Early 20th century Southern writers contributed to keeping “The Cause” alive in readers’ minds by filling national publications with articles and publishing novels romanticizing Southern culture. Margaret Mitchell’s epic novel, “Gone with the Wind,” was published in 1936 and was made into a major movie in 1939. The novel and movie vividly depicted the fiery death of a society and a way of life.
Writers also produced works extolling the military prowess of Lee, Jackson, Stuart and other Confederate leaders. Writers portrayed these men as gentleman cavaliers who in an earlier century might have qualified for knighthood.

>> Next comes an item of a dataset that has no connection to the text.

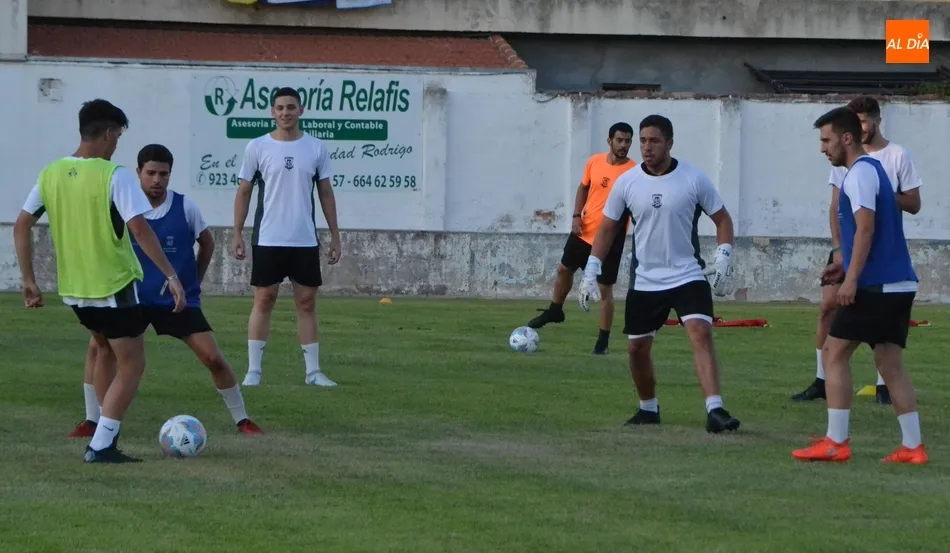 Foto 10 - El Senior del Ciudad Rodrigo CF echa a andar reteniendo al t&eacute;cnico y a casi todos los jugadores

During my years of re-enacting, writing and giving talks about America’s Civil War, I encountered many visitors from northern states who were fascinated with Southern culture and truly wanted to learn more about the war from the Southern perspective. I was glad to oblige. As television psychologist Dr. Phil likes to say, “No matter how flat you make a pancake, it still has two sides.”

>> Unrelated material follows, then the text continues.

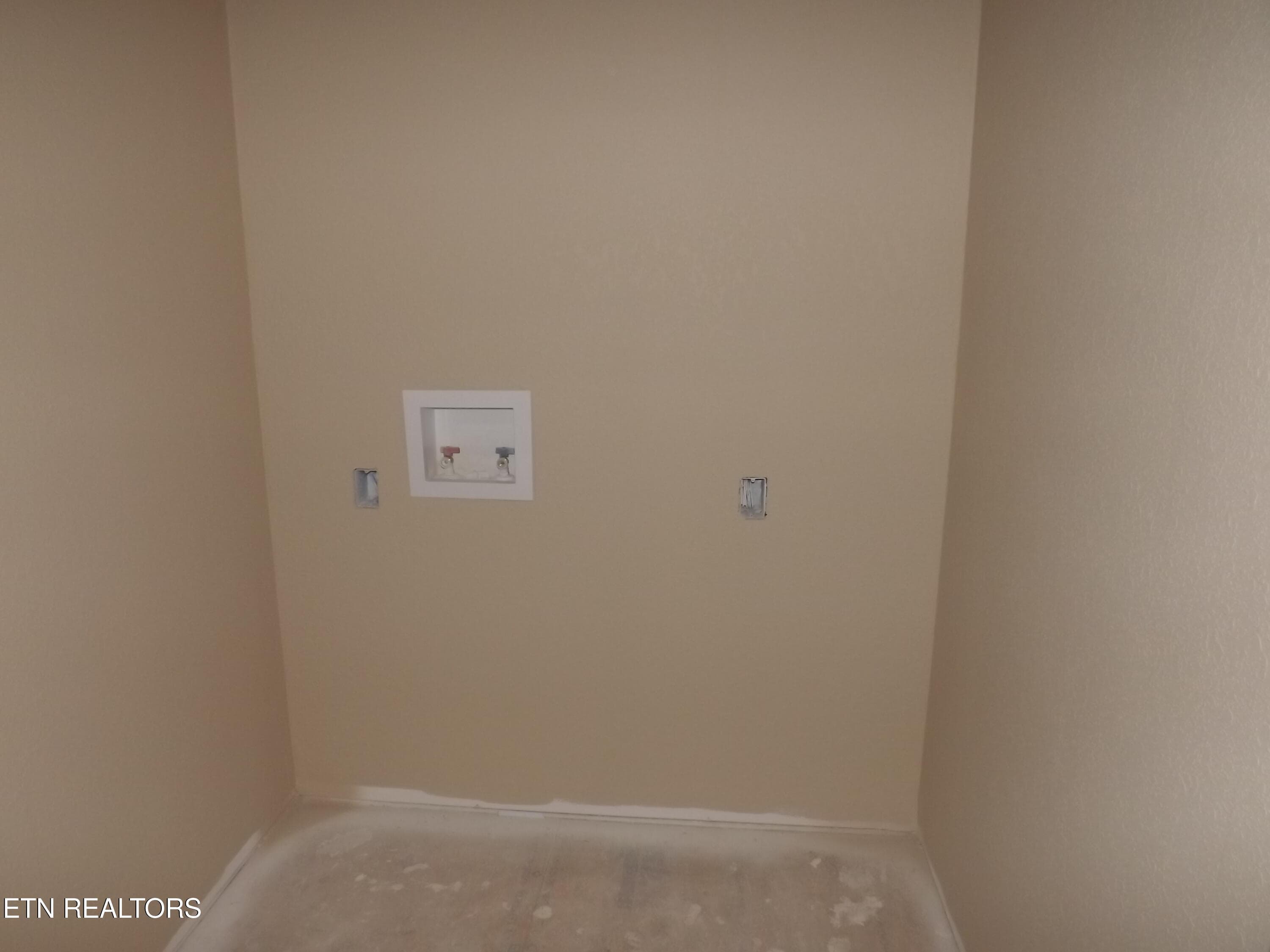DSCF3842 - 955 Shawanee Rd, Harrogate, TN 37752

Many northern visitors I encountered were inflicted with what I called the ‘Gone with the Wind’ syndrome. They wanted to see a real Southern plantation.
Some, as expected, were hoping to see Tara. They seemed a little disappointed when I told them the typical plantation home was more like a large farm house than a columned mansion. Also, most plantation homes in Georgia were torched by Sherman’s army.
I first got into Civil War re-enacting while living in Ohio. I was amazed to learn that, at that time, there were more Confederate than Union re-enactors in central and southern Ohio. I suppose, to some, portraying a soldier fighting for a “lost cause” promised more romance and glamour.
With the reader’s permission, I will put in a plug here for re-enactors of all historical eras. Most of the ones I have met and worked with over the years are very dedicated to keeping an era of America’s history alive. They are living historians who are knowledgeable about the era they are portraying and dedicated to sharing that knowledge.
They often do so at their own expense. The cost of clothing and equipment can be several hundred to a couple of thousand dollars, or more. Re-enactors normally also pay for their own travel and lodging.
Yes, I suppose many Southerners do seem to be hung up on hanging onto their history and heritage. This is good in that it can lead to local preservation efforts to restore historic structures and protect historic sites. Without such efforts, there would be no reason to visit such historic places as Savannah, Georgia and Charleston, South Carolina. By now, they would both probably look like any other city.
When someone asks me why Southerners hold onto the past, I sometimes give them my short answer by quoting the Pulitzer-Prize winning Southern writer, William Faulkner.
“In the south, the past is not dead. It’s not even the past.”